House debates

Tuesday, 18 March 2014

Questions without Notice

Mid-Year Economic and Fiscal Outlook

3:00 pm

Photo of Joe HockeyJoe Hockey (North Sydney, Liberal Party, Treasurer) Share this | Hansard source

The forecasts that were presented in MYEFO did not have forecasts presented to us under the alternative scenario presented to Labor. Therefore, you cannot have a number that is the difference, you clown. You cannot work it out, because the numbers that were presented were on the forecasts presented by the Treasury.
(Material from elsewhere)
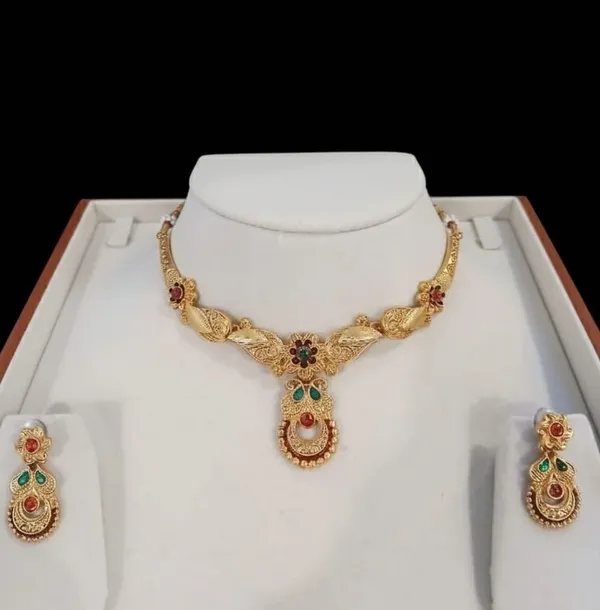 Gold_Brass_Gold_Plated_Earring_And_Necklace_Set_For_Women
I was reading the transcript of the shadow Treasurer in his speech to the Deutsche Bank International Investor Mission, 12 March 2014, when he said:

We believe in returning the budget to surplus over time, and we showed that we have the ability to make the types of decision necessary to bring it about it.

You actually did not bring a surplus about. But that is contrary to what the then Treasurer, the member for McMahon, said to Fran Kelly when he said that Labor:

… have returned budget to surplus three years ahead of schedule and ahead of any other major advanced economy—

I am getting questions from someone who not only promised a surplus but claimed to have delivered a surplus when, in fact, nothing of the sort ever happened. Why? Because now we know that the Labor Party's true legacy was to leave us with the burden of the fastest growth in spending of the 17 major IMF economies in the world. That is Labor's legacy. They have left us with the third-highest growth in net debt in the world, and on top of that: $123 billion of deficits, $667 billion of debt, rising unemployment, falling terms of trade and below trend growth. Labor should be very proud of that legacy—oh, what a feeling!